**Entries provided:**

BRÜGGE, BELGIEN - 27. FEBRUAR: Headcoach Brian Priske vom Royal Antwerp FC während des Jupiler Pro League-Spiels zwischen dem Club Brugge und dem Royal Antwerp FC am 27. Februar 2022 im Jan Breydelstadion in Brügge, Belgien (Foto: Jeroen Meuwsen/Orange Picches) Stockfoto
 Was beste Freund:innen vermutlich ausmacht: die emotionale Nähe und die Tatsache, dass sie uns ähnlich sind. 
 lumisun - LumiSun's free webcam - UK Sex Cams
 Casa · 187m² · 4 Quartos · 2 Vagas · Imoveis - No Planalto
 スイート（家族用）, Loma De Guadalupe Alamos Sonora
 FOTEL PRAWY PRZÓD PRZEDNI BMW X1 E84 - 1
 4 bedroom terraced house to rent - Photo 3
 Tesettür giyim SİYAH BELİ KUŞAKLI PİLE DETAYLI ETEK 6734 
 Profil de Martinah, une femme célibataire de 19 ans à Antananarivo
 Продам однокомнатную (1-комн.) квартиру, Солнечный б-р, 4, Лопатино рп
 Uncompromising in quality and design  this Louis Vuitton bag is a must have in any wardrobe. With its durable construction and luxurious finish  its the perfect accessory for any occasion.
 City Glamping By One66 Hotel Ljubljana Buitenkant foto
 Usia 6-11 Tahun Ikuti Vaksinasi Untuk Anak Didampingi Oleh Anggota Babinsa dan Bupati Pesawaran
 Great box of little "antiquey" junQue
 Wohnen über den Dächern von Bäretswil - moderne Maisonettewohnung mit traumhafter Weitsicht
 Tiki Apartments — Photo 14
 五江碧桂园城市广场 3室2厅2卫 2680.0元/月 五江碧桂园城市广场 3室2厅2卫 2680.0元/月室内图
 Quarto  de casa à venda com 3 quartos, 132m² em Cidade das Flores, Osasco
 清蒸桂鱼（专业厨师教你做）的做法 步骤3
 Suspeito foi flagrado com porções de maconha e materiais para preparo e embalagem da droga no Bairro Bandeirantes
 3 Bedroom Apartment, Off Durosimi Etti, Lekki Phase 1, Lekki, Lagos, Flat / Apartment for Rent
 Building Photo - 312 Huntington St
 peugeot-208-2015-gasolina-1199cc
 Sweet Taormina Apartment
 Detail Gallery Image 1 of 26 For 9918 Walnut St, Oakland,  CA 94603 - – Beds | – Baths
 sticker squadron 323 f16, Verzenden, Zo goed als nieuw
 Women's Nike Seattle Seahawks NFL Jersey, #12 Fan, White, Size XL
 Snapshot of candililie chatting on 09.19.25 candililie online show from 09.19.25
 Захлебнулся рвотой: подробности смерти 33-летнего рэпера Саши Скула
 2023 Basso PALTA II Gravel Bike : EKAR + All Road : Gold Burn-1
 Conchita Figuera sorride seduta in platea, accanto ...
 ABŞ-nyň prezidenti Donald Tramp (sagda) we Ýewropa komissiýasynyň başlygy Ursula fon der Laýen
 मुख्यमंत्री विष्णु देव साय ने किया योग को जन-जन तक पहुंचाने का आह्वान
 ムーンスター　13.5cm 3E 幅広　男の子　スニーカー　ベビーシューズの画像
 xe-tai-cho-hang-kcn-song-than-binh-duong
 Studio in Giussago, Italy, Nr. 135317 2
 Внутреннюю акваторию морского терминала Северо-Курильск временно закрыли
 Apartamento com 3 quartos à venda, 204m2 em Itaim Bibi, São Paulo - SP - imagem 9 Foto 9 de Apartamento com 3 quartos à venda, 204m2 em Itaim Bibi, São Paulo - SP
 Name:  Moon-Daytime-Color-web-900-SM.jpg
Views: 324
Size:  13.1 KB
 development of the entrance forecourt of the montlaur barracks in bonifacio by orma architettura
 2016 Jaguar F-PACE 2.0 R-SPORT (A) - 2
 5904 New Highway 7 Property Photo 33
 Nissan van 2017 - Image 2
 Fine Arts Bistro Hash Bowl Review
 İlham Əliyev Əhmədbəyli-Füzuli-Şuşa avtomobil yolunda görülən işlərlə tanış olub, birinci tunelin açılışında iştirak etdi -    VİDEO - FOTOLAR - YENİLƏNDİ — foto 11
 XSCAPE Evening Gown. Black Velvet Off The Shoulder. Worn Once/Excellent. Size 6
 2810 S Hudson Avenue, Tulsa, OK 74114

**What you have to do:**
Please give again the lines above between the line holding "lumisun - LumiSun's" and the line holding "4 bedroom terraced house to rent - Photo 3", inclusive, exactly as they are and with nothing added.

**Answer to the exercise:**
 lumisun - LumiSun's free webcam - UK Sex Cams
 Casa · 187m² · 4 Quartos · 2 Vagas · Imoveis - No Planalto
 スイート（家族用）, Loma De Guadalupe Alamos Sonora
 FOTEL PRAWY PRZÓD PRZEDNI BMW X1 E84 - 1
 4 bedroom terraced house to rent - Photo 3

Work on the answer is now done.